Task goal ->
From the records below, set down exactly the lines starting with the line that contains "Referāts 'Efektīvas saskarsmes" and going on through the line that contains "Asplenium, 2026-10-26". Nothing else is wanted.

*** Provided entries Section Begins ***

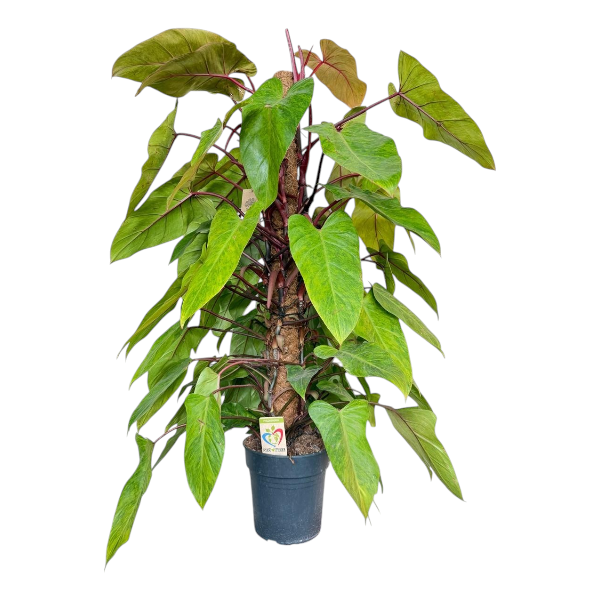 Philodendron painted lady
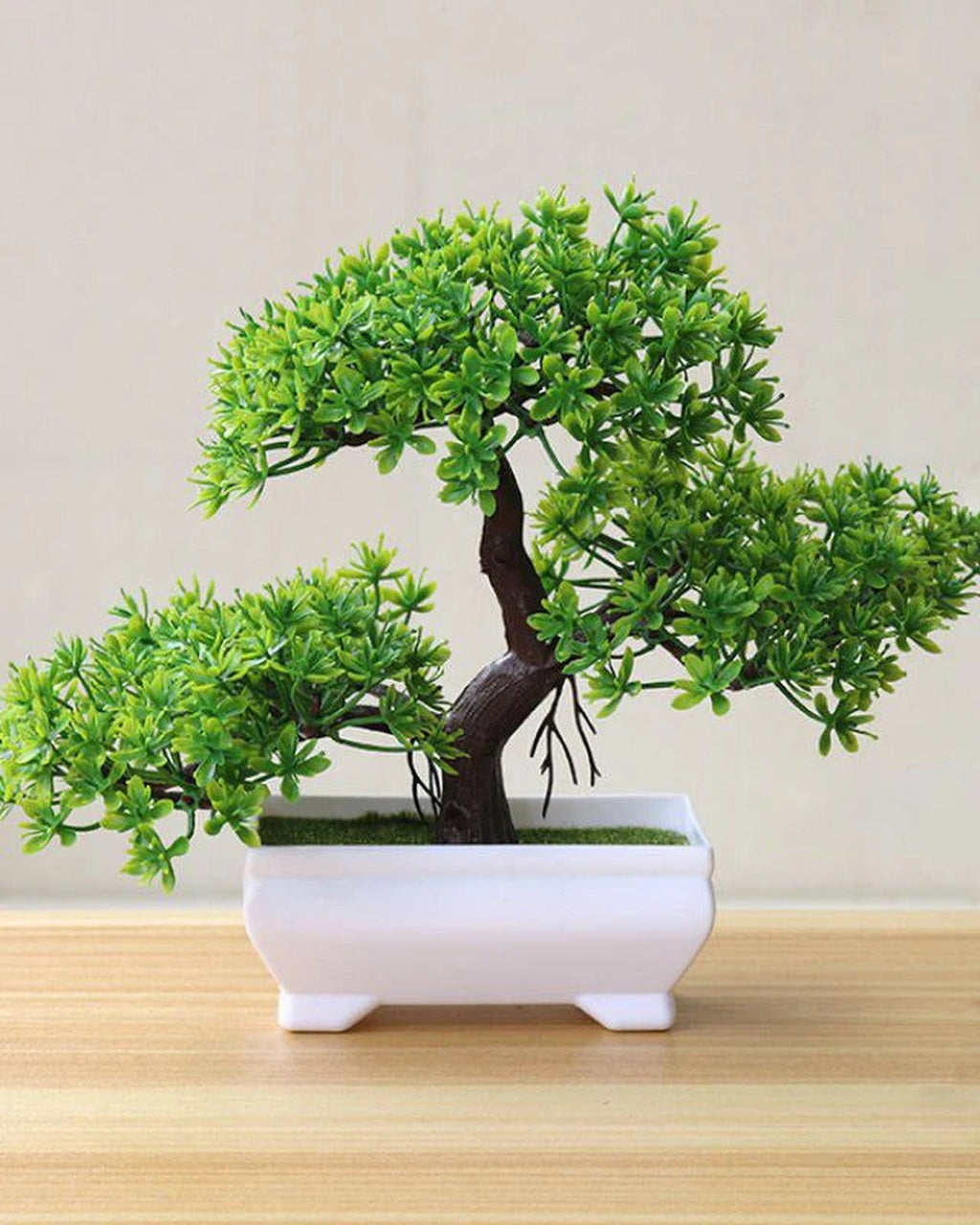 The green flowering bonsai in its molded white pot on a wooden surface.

*** Provided entries Section Ends ***
*** Provided entries Section Begins ***

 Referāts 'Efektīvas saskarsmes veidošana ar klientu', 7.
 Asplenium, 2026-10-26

*** Provided entries Section Ends ***

Written reply ->
 Referāts 'Efektīvas saskarsmes veidošana ar klientu', 7.
 Asplenium, 2026-10-26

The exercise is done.